The picture basically follows Aura’s clumsy attempts to deal with the real world after four years (or perhaps more) in the Ivory Tower. Beyond dealing with her mother, who finds her daughter’s “sense of entitlement” infuriating even as she opens up to her, and her sister, whose smart mouth can be cutting, Aura takes a thoroughly unsatisfying job at a restaurant, where she meets a laid-back cook (David Call) she falls for, though he’s got a live-in girlfriend. And she reconnects with a classmate (Jemima Kirke), a pseudo-sophisticated party girl and art gallery honcho, while distancing herself from the college friend (Merritt Wever) she’s been planning to move into an apartment with.

But most importantly, she bumps into Jed (Alex Karpovsky), a visiting “video artist” from out-of-town whom she impulsively invites to crash with her while her mother and sister are away. The guy’s a shrewd poseur who takes advantage of her desperate need for affection until her mother returns and insists he go elsewhere.
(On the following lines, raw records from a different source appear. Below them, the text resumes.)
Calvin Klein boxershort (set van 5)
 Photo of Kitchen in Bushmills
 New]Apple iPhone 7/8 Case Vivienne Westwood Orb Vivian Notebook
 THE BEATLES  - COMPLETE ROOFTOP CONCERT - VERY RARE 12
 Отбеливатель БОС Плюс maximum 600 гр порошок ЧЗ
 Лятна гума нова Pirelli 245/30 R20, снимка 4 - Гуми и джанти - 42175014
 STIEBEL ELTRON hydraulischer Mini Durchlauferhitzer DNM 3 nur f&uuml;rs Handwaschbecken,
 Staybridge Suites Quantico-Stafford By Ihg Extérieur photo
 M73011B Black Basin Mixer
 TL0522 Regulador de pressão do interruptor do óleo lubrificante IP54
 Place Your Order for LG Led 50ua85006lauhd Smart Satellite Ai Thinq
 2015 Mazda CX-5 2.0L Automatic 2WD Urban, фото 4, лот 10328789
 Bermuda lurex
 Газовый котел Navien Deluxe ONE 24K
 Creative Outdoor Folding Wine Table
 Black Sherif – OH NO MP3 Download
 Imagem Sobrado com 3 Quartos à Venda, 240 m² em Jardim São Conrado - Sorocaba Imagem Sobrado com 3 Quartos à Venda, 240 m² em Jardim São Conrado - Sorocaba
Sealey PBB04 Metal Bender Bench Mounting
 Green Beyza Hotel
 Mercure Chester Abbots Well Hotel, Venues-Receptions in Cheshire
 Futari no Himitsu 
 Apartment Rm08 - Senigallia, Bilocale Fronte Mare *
There’s a meandering quality to the movie that adeptly reflects the uncertainty of recent grads in trying to cope with life after college, but doesn’t offer much in the way of enlightenment or amusement. The script has a degree of homely integrity, but naturalness by itself isn’t enough, especially when it extends to performances by the Dunhams and Simmons that are drearily amateurish. On the other hand, Kirke comes across so strong that whenever she appears she throws things out of balance. Only Karpovsky, as the smug Jed, lends the picture much sense of satirical fun. And of course it’s technically nondescript.

“Tiny Furniture” might find a receptive audience in recent graduates who can sympathize with Aura’s plight, trying to extricate herself from her college ties while simultaneously feeling the loss of them. The rest of us will be forgiven for finding the movie a sad little self-indulgence.